On January 7, 2021, the Company announced that the U.S. Food and Drug Administration granted Fast Track Designation to zenocutuzumab for the treatment of patients with metastatic solid tumors harboring NRG1 gene fusions that have progressed on standard-of-care therapy.
On January 15, 2021, the Company presented in a poster session interim clinical data from its Phase 1 dose escalation study of MCLA-158 at the American Society of Clinical Oncology 2021 Gastrointestinal Cancers Symposium. MCLA-158 was administered to 33 patients over 11 dose levels (5-1500 mg, flat dose), a heavily pretreated population with an average of four lines of prior therapy. Dual EGFR/LRG5 blockade with MCLA-158 was observed to be well tolerated, and no dose limiting toxicities occurred. The recommended Phase 2 dose was established at 1500 mg administered intravenously once every two weeks. Enrollment of patients with gastro-esophageal and head-and-neck cancers continues at this dose in the expansion phase of the open-label, multicenter trial, with preliminary evidence of antitumor activity having been observed.
In January 2021, Betta Pharmaceuticals Co. Ltd. announced that the Chinese National Medical Products Administration had accepted its Investigational New Drug application of MCLA-129 injection.
This Report contains forward-looking statements within the meaning of the Private Securities Litigation Reform Act of 1995. All statements contained in the Report that do not relate to matters of historical fact should be considered forward-looking statements, including without limitation, statements regarding the parties’ performance under the Collaboration Agreement, the potential economics of the Collaboration Agreement, including any payments we may receive, our cash, cash equivalents and marketable securities, and the sufficiency of our cash, cash equivalents and marketable securities and proceeds from the Private Placement and the Upfront Payment. These forward-looking statements are based on management’s current expectations. These statements are neither promises nor guarantees, but involve known and unknown risks, uncertainties and other important factors that may cause our actual results, performance or achievements to be materially different from any future results, performance or achievements expressed or implied by the forward-looking statements, including, but not limited to, risks related to performance of third parties under collaboration agreements, risks related to our clinical development plans and business operations, the duration and severity of the COVID-19 pandemic and the duration and scope of government recommendations and/or mandates regarding social distancing and limitation of public exposure.
These and other important factors discussed under the caption “Risk Factors” in our Quarterly Report on Form 10-Q for the quarterly period ended September 30, 2020 filed with the Securities and Exchange Commission (“SEC”), on November 5, 2020, and our other reports filed with the SEC, could cause actual results to differ materially from those indicated by the forward-looking statements made in this Report.
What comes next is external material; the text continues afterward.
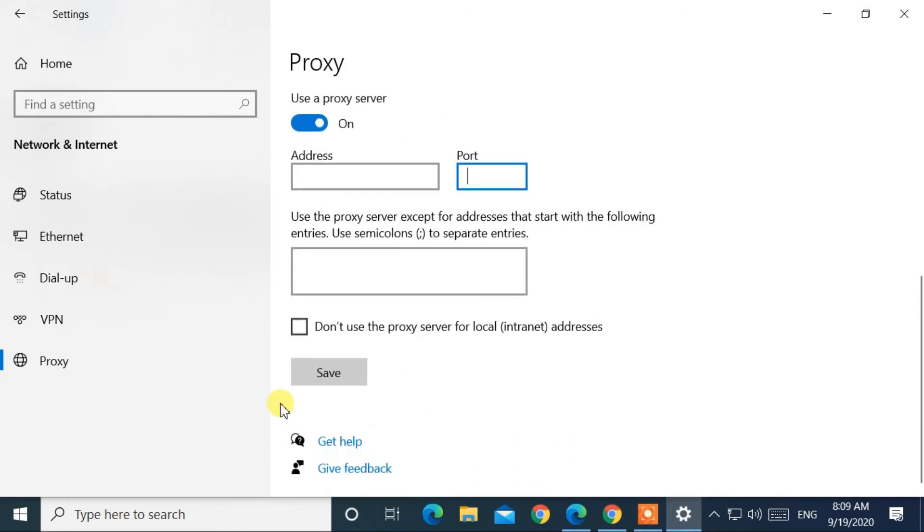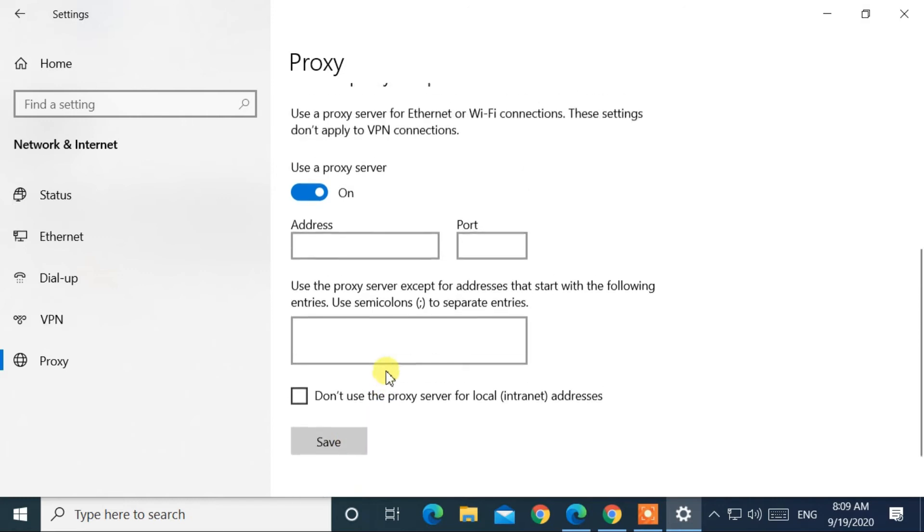After that, click on the Save button. Then turn off this Use a proxy server option.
Any such forward-looking statements represent management’s estimates as of the date of this Report. While we may elect to update such forward-looking statements at some point in the future, we disclaim any obligation to do so, even if subsequent events cause our views to change, except as required under applicable law. These forward-looking statements should not be relied upon as representing our views as of any date subsequent to the date of this Report.
Pursuant to the requirements of the Securities Exchange Act of 1934, the registrant has duly caused this report to be signed on its behalf by the undersigned hereunto duly authorized.